Our Information Systems group builds and maintains over 100 applications that enable data-driven, real-time decisions across the company. As a Site Reliability Engineer, you will be responsible for maintaining and improving the reliability of several mission critical applications to be running in 24 x 7 x 365 manner within the data center.
Responsibilities:
• Responsible for monitoring and maintaining the agreed upon uptime SLAs for the mission critical applications.
• Document Downtime Incidents, Downtime Response, meet with various teams to identify root cause and establish remediation procedures
• Understand, execute and document complex production execution platforms with the goal of triaging downtime incidents and developing a documented triage process.

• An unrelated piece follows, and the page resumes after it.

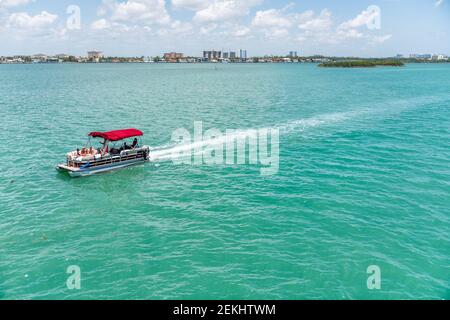 Bal Harbour, USA - 8. Mai 2018: Gruppe von Touristen Familie auf dem Boot in Miami Florida mit hellgrün türkisfarbenem Meer Biscayne Bay Intracoastal wa Stockfoto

• Proactively monitor health of software and hardware
• Design and develop solutions that support high availability, reliability, and security for existing applications
• Develop and maintain automation tools and processes for deployment, configuration, monitoring, and alerting of existing systems
• Collaborate with development and operations teams to identify and resolve software and infrastructure issues
• Identify and influence/implement best practices for system scalability, security, and performance
• Conduct research and development to identify new tools and technologies that can improve existing software systems
• Participate in on-call rotation to respond to critical incidents and ensure system availability and reliability
Requirements:
• Bachelor's degree in Computer Science, Computer Engineering, or related field
• 5+ years of experience in software engineering or site reliability engineering
• Proficiency in Linux
• Knowledge of containerization and container orchestration technologies such as Docker and Kubernetes
• Experience debugging production systems using instrumentation and monitoring
• Experience with observability platforms
• Development experience with Python is preferred